Drone criado por brasileiros detecta primata em extinção

“Dronequi” é o apelido do primeiro drone das Américas desenvolvido para observação e detecção de muriquis-do-norte (Brachyteles hypoxanthus), maior primata do Brasil, espécie que beira a extinção.

O equipamento conta com visão dupla: uma câmera colorida em altíssima resolução e outra com visão termal, que é sensível ao calor emitido por seres vivos mesmo em ambientes de difícil visibilidade, como florestas.

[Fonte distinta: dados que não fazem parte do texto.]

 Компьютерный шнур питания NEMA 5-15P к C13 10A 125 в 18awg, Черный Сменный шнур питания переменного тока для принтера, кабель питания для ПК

O Dronequi pesa 8 kg, tem 90 cm de diâmetro e capacidade de voo de até 15 minutos. Ele amplia o alcance e a visão de biólogos que antes dependiam apenas de binóculos para acompanhar os muriquis.

Conservação da natureza

De acordo com o biólogo e idealizador do projeto, Fabiano Melo, professor da Universidade Federal de Viçosa, membro do MIB (Muriqui Instituto de Biodiversidade) e da Rede de Especialistas em Conservação da Natureza, o drone traz o melhor da tecnologia para a conservação da natureza.

“Antes, nosso método era entrar na mata e contar os macacos individualmente. Agora, com o drone, temos uma câmera colorida de altíssima resolução e outra sensível ao calor registrando exatamente a mesma cena, o que nos auxilia a localizar e contabilizar os animais em novos grupos e, principalmente, indivíduos isolados”, comemora Melo, que também é consultor voluntário da Fundação Grupo Boticário de Proteção à Natureza.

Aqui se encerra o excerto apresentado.